#### What you have to do:
The records that follow are to be repeated exactly, with no pictures carried over.

════════════════════

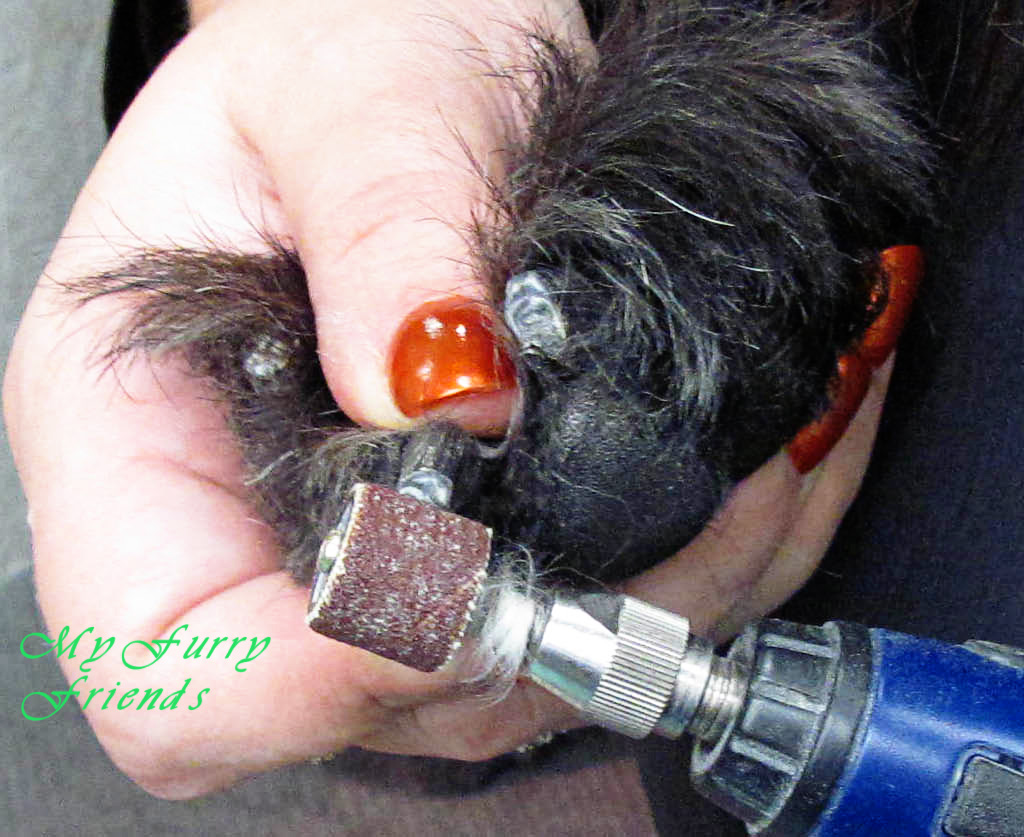 nails dog filing grooming dogs pet why does nail furry friend groomed groomer clips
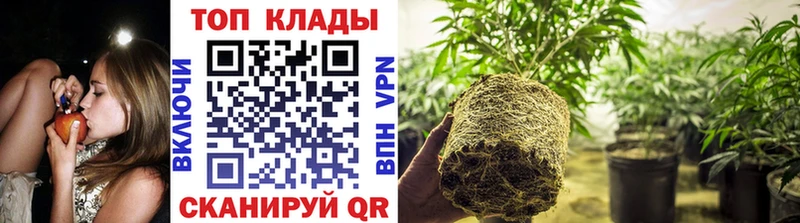 Где купить наркоту Новосиль Конопля  АМФЕТАМИН  Меф 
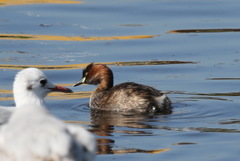 Tachybaptus ruficollis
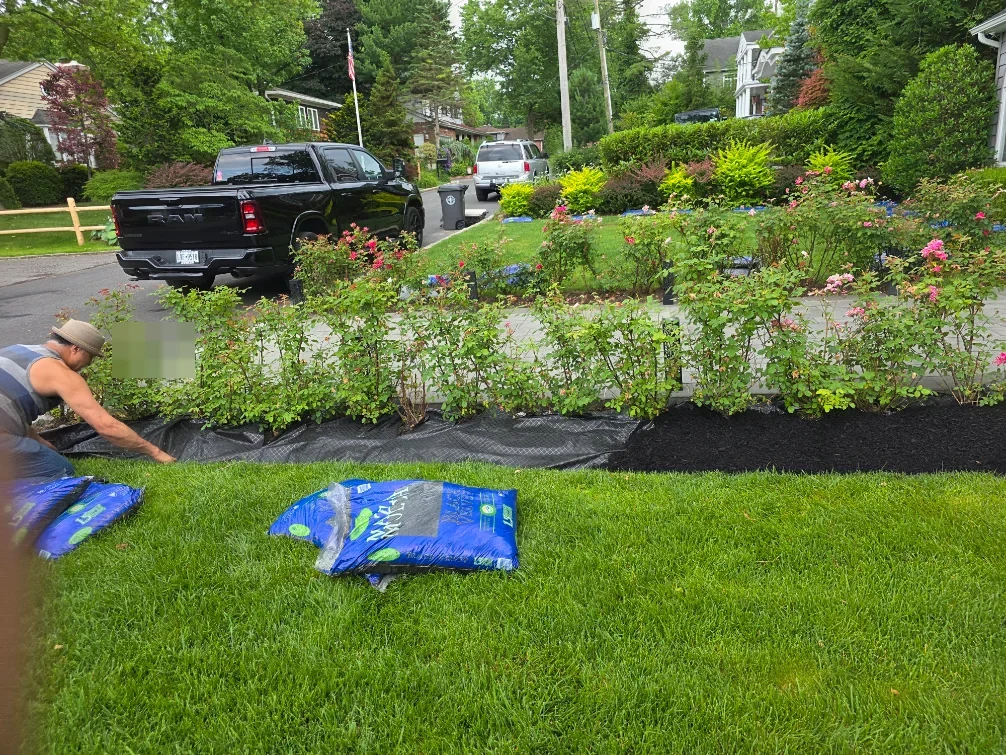 Greenscape crew installing mulch and landscape fabric along a hedge line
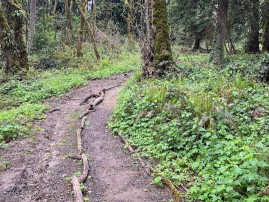 Image of Cougar Creek Woods Community Park park in Vancouver, Washington, United States Image of Cougar Creek Woods Community Park park in vancouver, washington, united-states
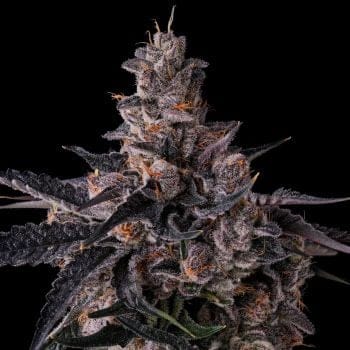 Lemon Cherry Pavé Feminized Seeds-COM-LECP-FEM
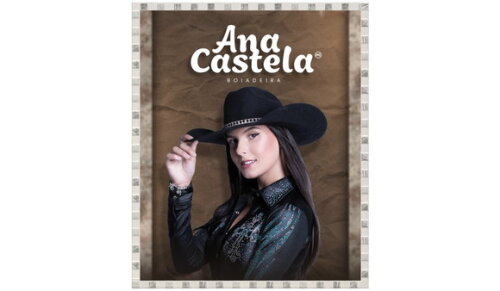 2 Adesivos para Caderno da Ana Castela Personalizado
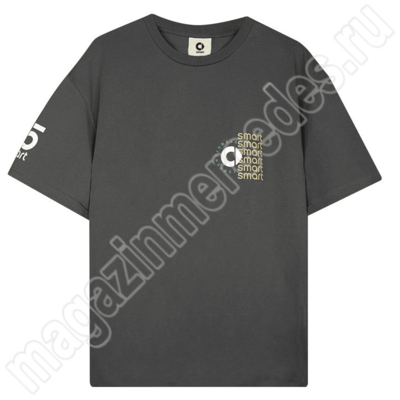 Футболка унисекс серая #3 с логотипом smart (Футболка унисекс серая #3 с логотипом smart) Футболка унисекс серая #3 с логотипом smart (фото, Футболка унисекс серая #3 с логотипом smart)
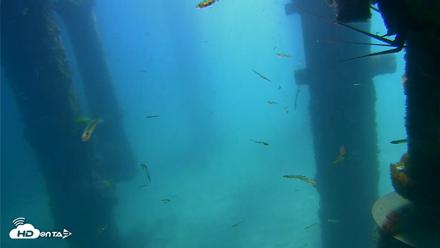 Scripps Pier Underwater Live Webcam - Apr 10, 2026, 11:03am PDT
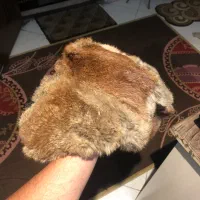کلاه پشمی روسی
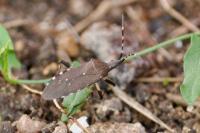 Dicranocephalus agilis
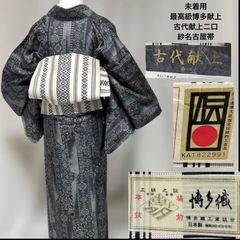 美品】東レ シルック 単衣 紗紬風 小紋 洗える着物 薄物 着物単品 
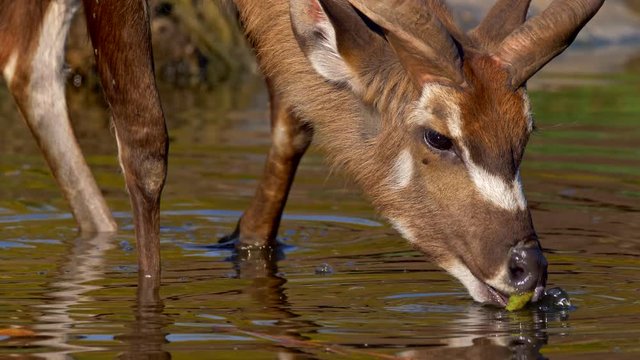 Sitatunga or marshbuck feeding in water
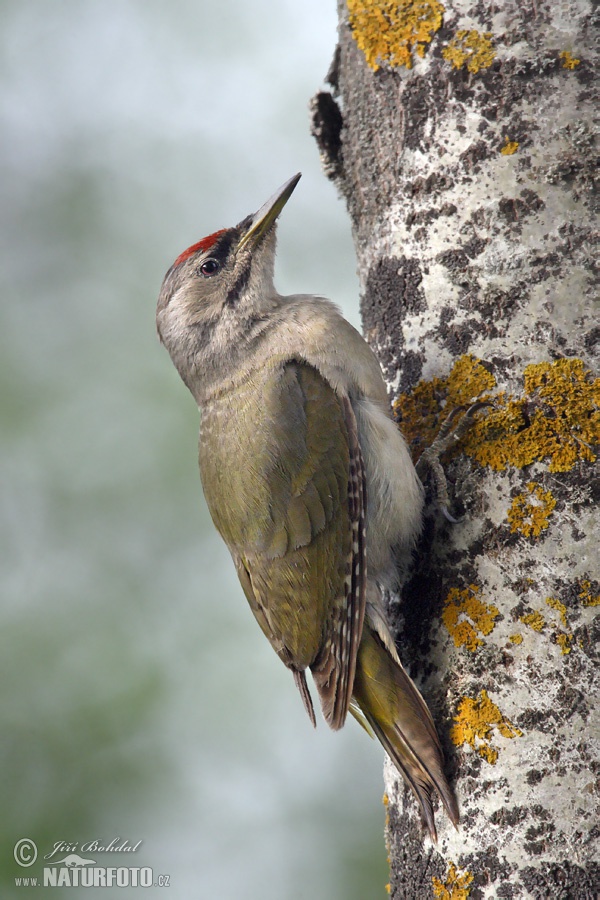 Žlna sivá (Picus canus)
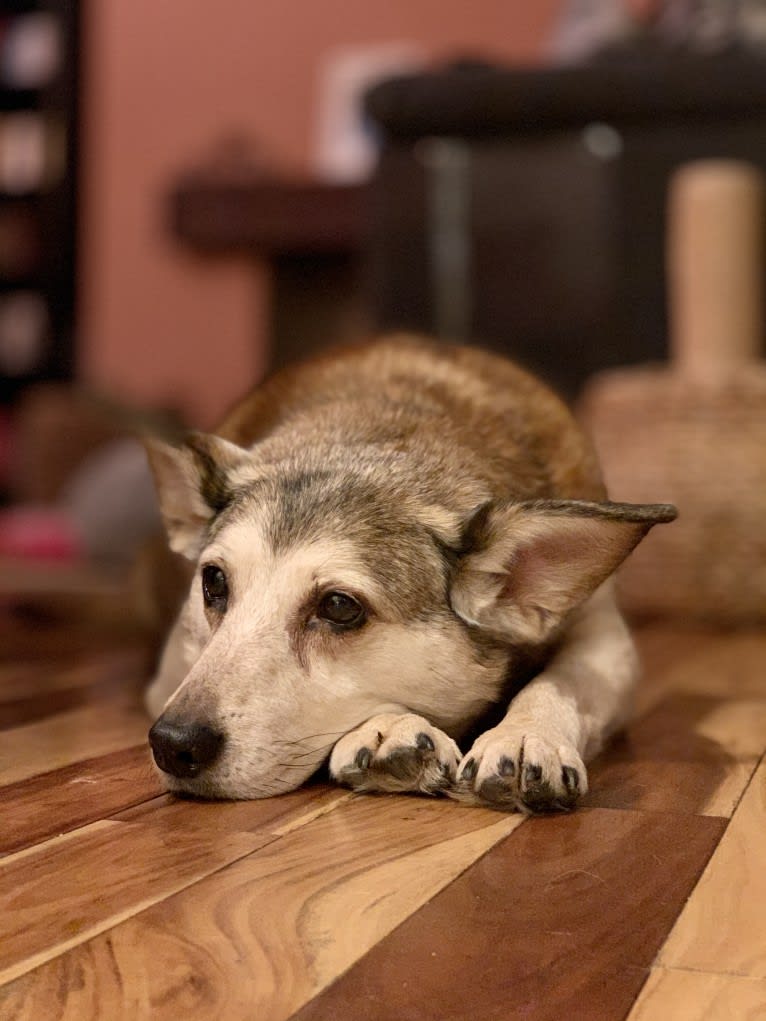 Koda, a Russell-type Terrier and German Shepherd Dog mix tested with EmbarkVet.com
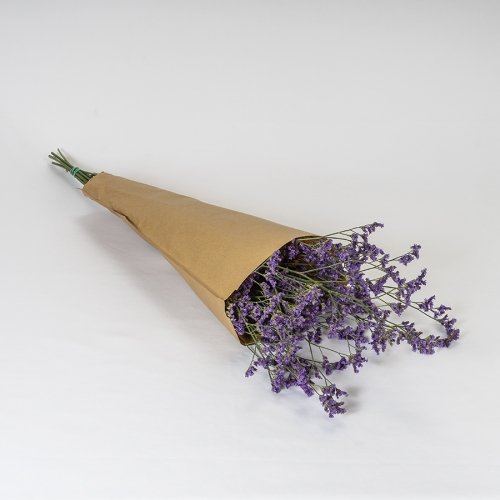 Limonium Morado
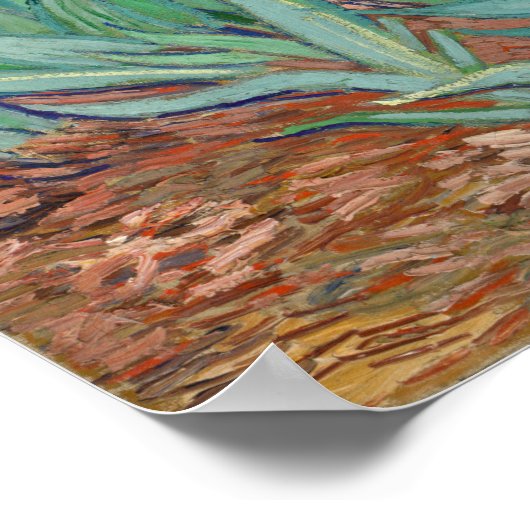 Van Gogh - Irises Poster (Hoek)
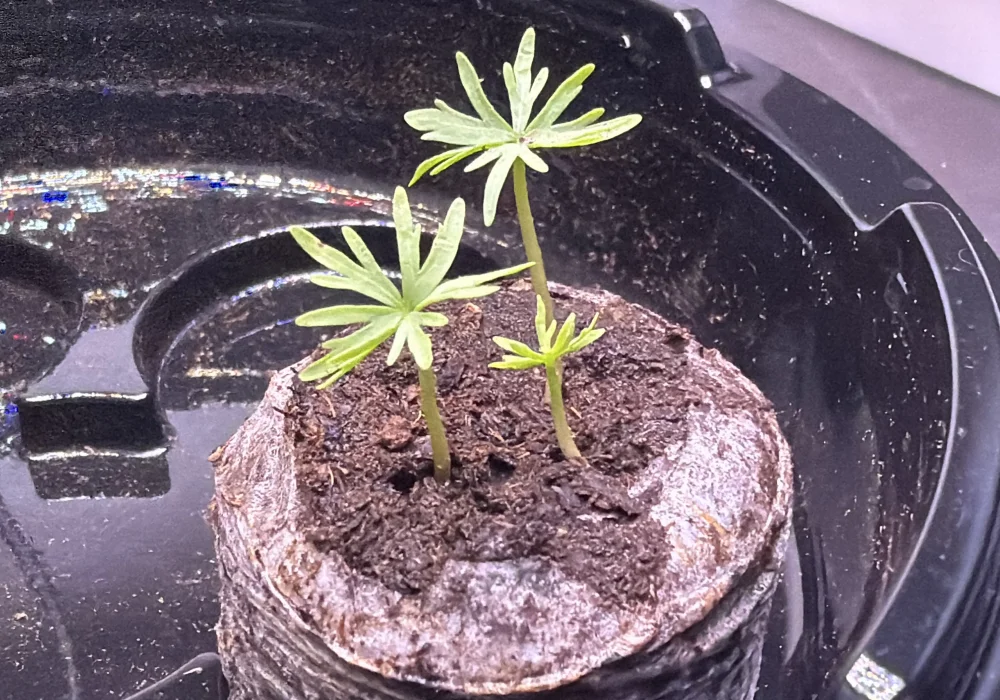 ブルセラ ファガロイデス Bursera fagaroides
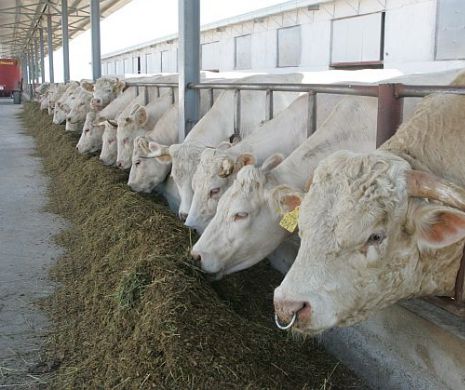 ANSVSA: Carnea cu ántrax din Ungaria un a afectat consumatorii români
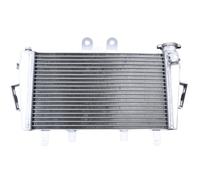 avdb-moto Radiateur d'Eau compatible avec TRIUMPH TIGER 1050 2007-2012 Type Racing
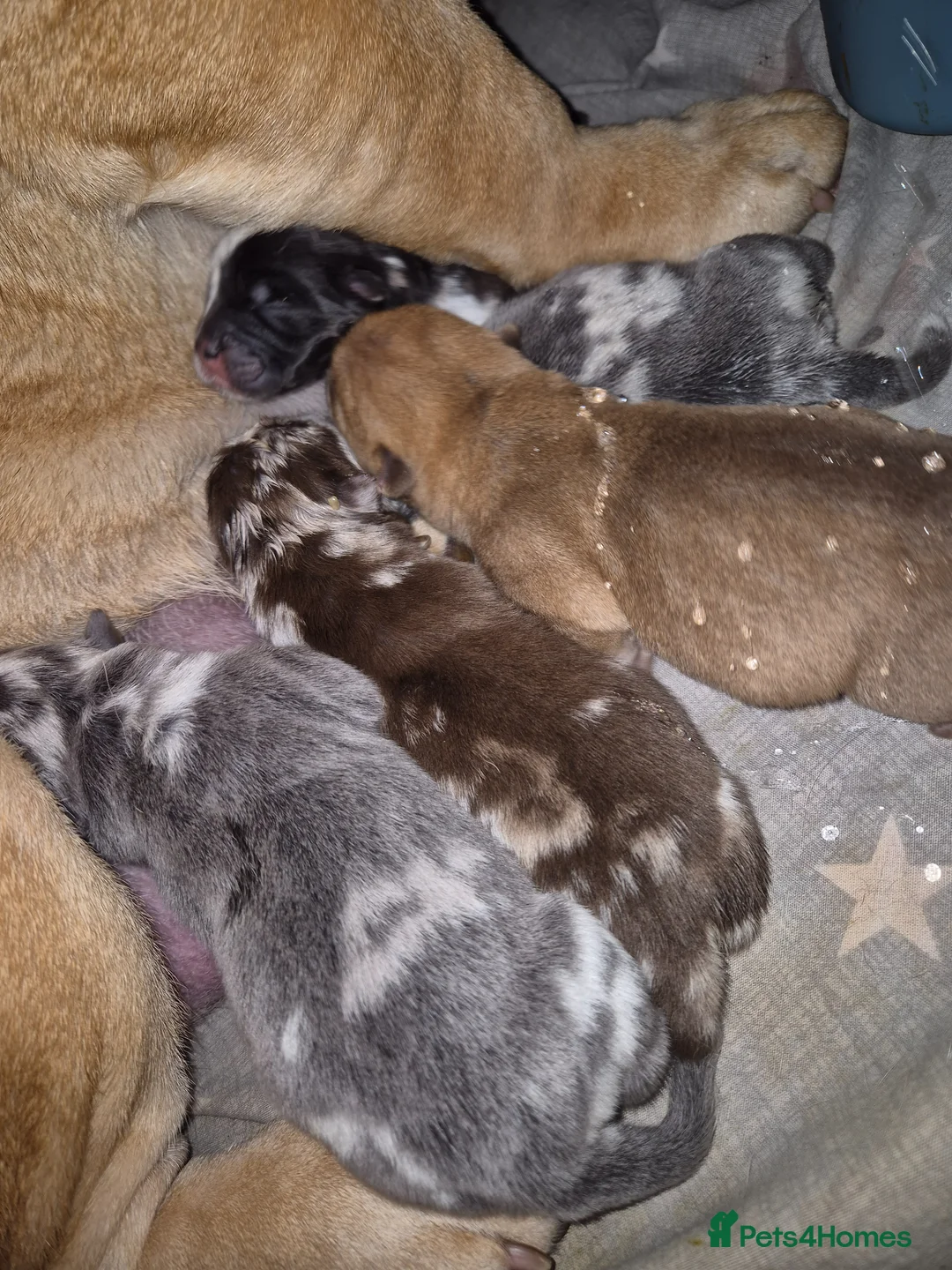 Mixed Breed dogs for sale: Chowpeis - Advert 1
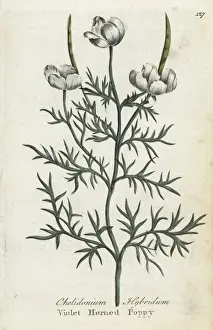 Joshuahamilton Prints: Violet horned poppy, Roemeria hybrida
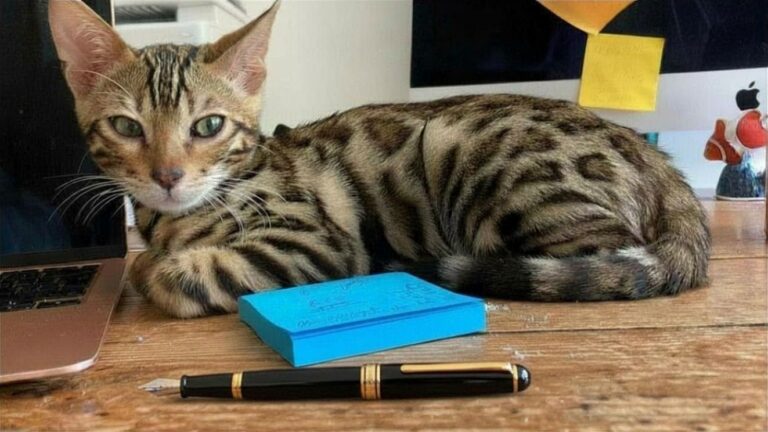 Enzo and striped pen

════════════════════

#### Exercise result:
 nails dog filing grooming dogs pet why does nail furry friend groomed groomer clips
 Где купить наркоту Новосиль Конопля  АМФЕТАМИН  Меф 
 Tachybaptus ruficollis
 Greenscape crew installing mulch and landscape fabric along a hedge line
 Image of Cougar Creek Woods Community Park park in Vancouver, Washington, United States Image of Cougar Creek Woods Community Park park in vancouver, washington, united-states
 Lemon Cherry Pavé Feminized Seeds-COM-LECP-FEM
 2 Adesivos para Caderno da Ana Castela Personalizado
 Футболка унисекс серая #3 с логотипом smart (Футболка унисекс серая #3 с логотипом smart) Футболка унисекс серая #3 с логотипом smart (фото, Футболка унисекс серая #3 с логотипом smart)
 Scripps Pier Underwater Live Webcam - Apr 10, 2026, 11:03am PDT
کلاه پشمی روسی
 Dicranocephalus agilis
 美品】東レ シルック 単衣 紗紬風 小紋 洗える着物 薄物 着物単品 
 Sitatunga or marshbuck feeding in water
 Žlna sivá (Picus canus)
 Koda, a Russell-type Terrier and German Shepherd Dog mix tested with EmbarkVet.com
 Limonium Morado
 Van Gogh - Irises Poster (Hoek)
 ブルセラ ファガロイデス Bursera fagaroides
 ANSVSA: Carnea cu ántrax din Ungaria un a afectat consumatorii români
 avdb-moto Radiateur d'Eau compatible avec TRIUMPH TIGER 1050 2007-2012 Type Racing
 Mixed Breed dogs for sale: Chowpeis - Advert 1
 Joshuahamilton Prints: Violet horned poppy, Roemeria hybrida
 Enzo and striped pen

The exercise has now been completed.